These are the only two pics I have of her driving as an 18 month old.

Then in the late spring of 1998 as a 2 yr old - we started her under saddle - that filly would come when my 4 yr old daughter would whistle - you'd see a little head pop up over grass and weeds and here the "little rabbit" would come! Then Sierra'd slip her bridle on, belly across her back and they'd do the "jack rabbit thing" together. Then when tired, Sierra'd slip off her back and lay at her feet (like you see pics of cowboys doin') and sometimes Stuff would even lay down beside her... Stuffy was raised like an orphan as her maiden dam didn't want her - she spent her 1st 20 days in our kitchen at nite and rode to "day care" with my children (my parents' place). When we moved to NC, she was not quite a full yr old - and when we started riding she often was led along with the ridden ponies... So she saw a LOT OF TERRITORY - both on a lead line and while turned loose and allowed to follow on her own - including stream, pond and road crossings.

"Little miss busy body" is 38" at the withers and I'm thinking of hardshipping into AMHR (not show halter quality, but has produced some REALLY NICE foals for us, 2 of whom I may also be hardshipping into AMHR and showing in harness in the next few years) - still going strong at 16 yrs of age. She still enjoys getting out and going - under saddle, loose or ponied and in harness. She doesn't have perfect conformation and we've never "bridled her up" - she travels just fine with her nose out in front of the verticle - but will hold contact, stand quietly and back up on light pressure (oops - the other day she was gaping her mouth instead of giving and dropping into back up mode - need her teeth checked, she didn't get done last year)... For the most part she's strong and can pull either me or my now 18 yr old Sierra w/ or w/o passengers. When we go to Southern Pines and it's been a while since she's been out - she DOES get tired and winded - some of the trails are deep sand and the cart is HARD to pull. We rest as needed and try not to let her get too out of shape - however it's not uncommon for someone to say - o can I drive the one that's broke - and we pull her out even if it's been months since her last hook.

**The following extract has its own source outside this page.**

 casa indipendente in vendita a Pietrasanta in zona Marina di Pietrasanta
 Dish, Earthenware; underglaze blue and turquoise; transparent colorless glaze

Different harness and driver, but same cart as 1997....


----------



## Grace67 (Jun 25, 2012)

Thanks paintponylver, great pics and lovely mare! I think you hit the nail on the head, some horses might be mentally willing at a younger age but maybe not physically mature enough and those need to be thoughtfully brought along so as not to incur injuries or soundness issues.

I guess I was questioning this particular person who was driving and competing her young gelding who is barely two but she may be driving him very conservatively at home and in training, I don't know what her regimen is. Another friend has a very nicely bred young colt who comes from a line of very successful all around performance horses and I've been pondering the idea of possibly purchasing him as a weanling but then I'm aware I won't be driving him for a good 2-3 years. I don't agree with starting riding horses too soon either but its nice to be able to do other stuff with them for a few years until they're ready physically and mentally.


----------



## Katiean (Jun 25, 2012)

I have trained several horses at this point. My mares were all 3 and older when I started them. The reason is they were older when I got them. I started a home bred the year he turned 2. He wasn't an actual 2 until July so he was young. All I did with him that year was ground drive. We did the same at age 3. This year we actually hitched him and he is now 6. He drives like an old pro.


----------



## paintponylvr (Jun 27, 2012)

Grace67 said:


> Thanks paintponylver, great pics and lovely mare! I think you hit the nail on the head, some horses might be mentally willing at a younger age but maybe not physically mature enough and those need to be thoughtfully brought along so as not to incur injuries or soundness issues.
> 
> I guess I was questioning this particular person who was driving and competing her young gelding who is barely two but she may be driving him very conservatively at home and in training, I don't know what her regimen is. Another friend has a very nicely bred young colt who comes from a line of very successful all around performance horses and I've been pondering the idea of possibly purchasing him as a weanling but then I'm aware I won't be driving him for a good 2-3 years. I don't agree with starting riding horses too soon either but its nice to be able to do other stuff with them for a few years until they're ready physically and mentally.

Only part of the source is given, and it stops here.